Transferring data interactively from the 4-cabinet system to the full system
First, login to the ARCHER2 4-cabinet system (making sure to change auser
to your username):
ssh auser@login-4c.archer2.ac.uk
Then, combine important research data into a single archive file using the following command:
tar -czf all_my_files.tar.gz file1.txt file2.txt directory1/
Please be selective -- the more data you want to transfer, the more time it will take.

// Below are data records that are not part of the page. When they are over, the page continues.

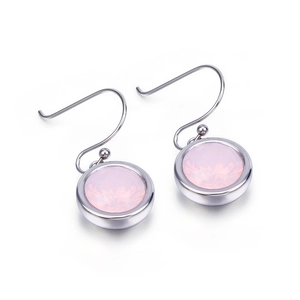 Elegant silver metal drop earrings featuring faceted round pink stones with long ear hooks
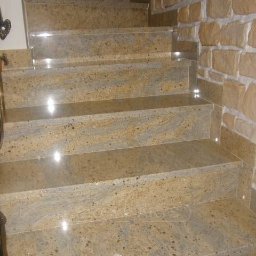 Granmarys S C M.Siuda R.Siuda - Kamienne schody wewnętrzne z beżowego granitu, dopasowane do kamiennej ściany, z delikatnym oświetleniem punktowym na krawędziach stopni.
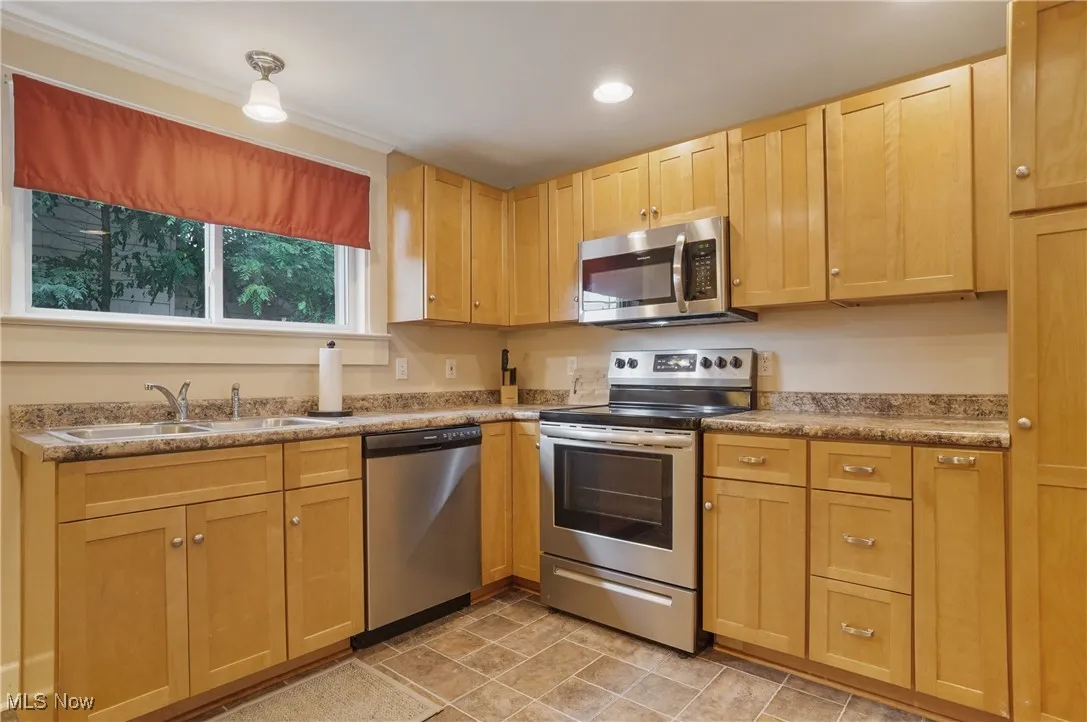 Kitchen featuring appliances with stainless steel finishes, light brown cabinetry, stone finish flooring, recessed lighting, and light countertops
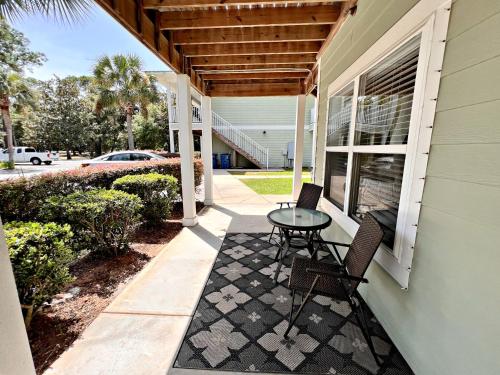 a patio with a table and chairs on a house at Laguna Breeze in Gulf Shores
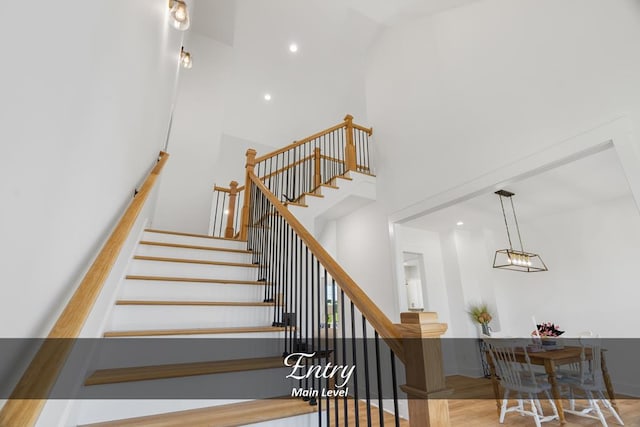 stairway with a high ceiling, wood finished floors, and recessed lighting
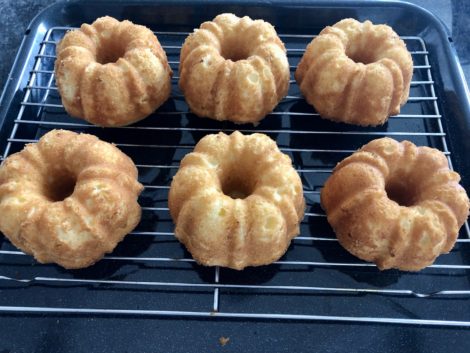 Lemon bundt cakes on a rack cooling.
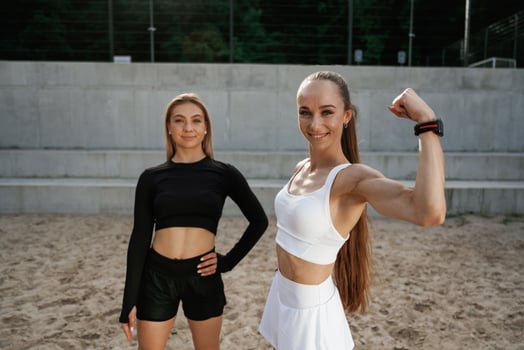 Showing,, biceps. Two sportive women are outdoors together photo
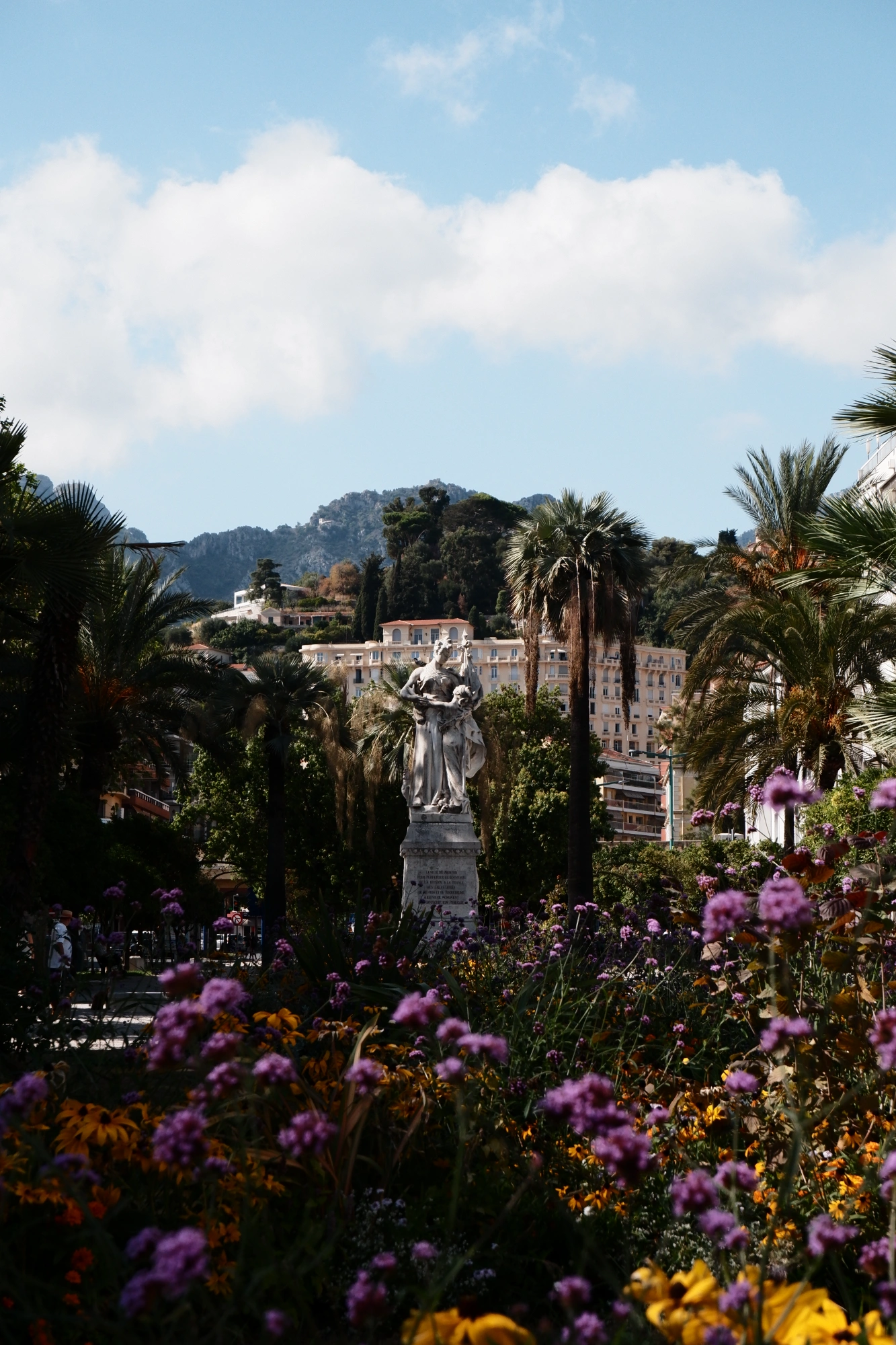 Statue with flowers in the foreground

Unpack the archive file in the destination directory
tar -xzf all_my_files.tar.gz
Transferring data using rsync
(recommended)
Begin the data transfer from the ARCHER2 4-cabinet system to the ARCHER2 full
system using rsync
:
rsync -Pv all_my_files.tar.gz a2user@login.archer2.ac.uk:/work/t01/t01/a2user
When running this command, you will be prompted to enter your ARCHER2
password -- this is the same password for the ARCHER2 4-cabinet system
and the ARCHER2 full system. Enter it and the data transfer will begin.

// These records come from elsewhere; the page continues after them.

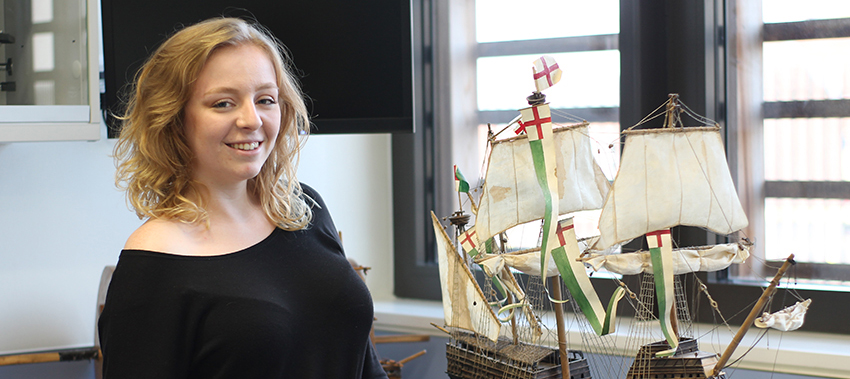 Young woman standing next to a model of a ship with sails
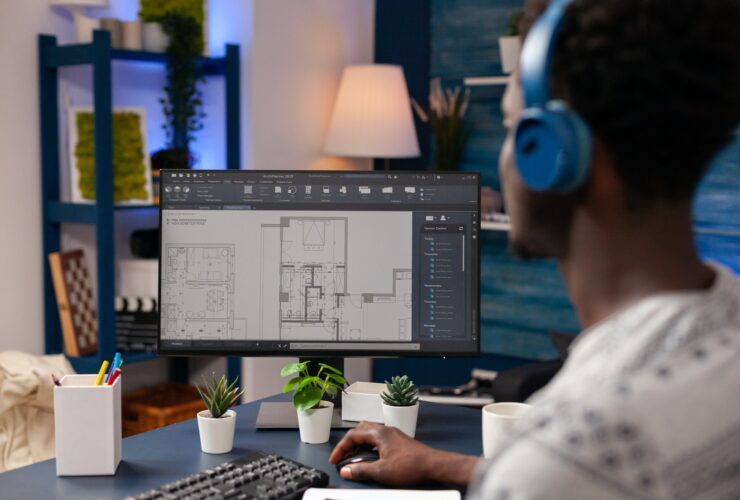 African american architect worker sitting at desk in living room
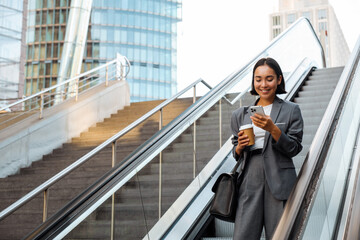 Wall Mural - Young woman using cellphone and holding coffee while going down escalator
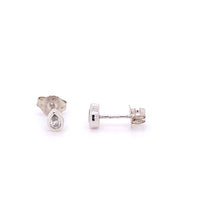 The Karat Concierge pear shaped diamond stud earrings in 14K white gold with a dainty bezel setting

Remember to replace a2user
with your ARCHER2 username, and t01
with
the budget associated with that username.
We use the -P
flag to allow partial transfer -- the same
command could be used to restart the transfer after a loss of
connection. We move our research archive to our project work directory
on the ARCHER2 full system.
Transferring data using scp
If you are unconcerned about being able to restart an interrupted
transfer, you could instead use the scp
command,
scp all_my_files.tar.gz a2user@login.archer2.ac.uk:/work/t01/t01/a2user/
but rsync
is recommended for larger transfers.
Transferring data via the serial queue
It may be convenient to submit long data transfers to the serial queue. In this case, a number of simple preparatory steps are required to authenticate:
- On the full system, create a new ssh key pair without passphrase (just press return when prompted).
- Add the new public key to SAFE against your machine account.
- Use this key pair for
ssh/scp
commands in the serial queue to authenticate. As it has been arranged that only one of ssh key/password are required between the serial nodes and the 4-cabinet system, this is sufficient.
An example serial queue script using rsync
might be:
#!/bin/bash
# Slurm job options (job-name, job time)
#SBATCH --partition=serial
#SBATCH --qos=serial
#SBATCH --time=02:00:00
#SBATCH --ntasks=1
# Replace [budget code] below with your budget code
#SBATCH --account=[budget code]
# Issue appropriate rsync command
rsync -av --stats --progress --rsh="ssh -i ${HOME}/.ssh/id_rsa_batch" \
user-01@login-4c.archer2.ac.uk:/work/proj01/proj01/user-01/src \
/work/proj01/proj01/user-01/destination
${HOME}/.ssh/id_rsa_batch
is the new ssh key.
Note that the ${HOME}
directory is visible from the serial nodes
on the full system, so ssh key pairs in ${HOME}/.ssh
are available.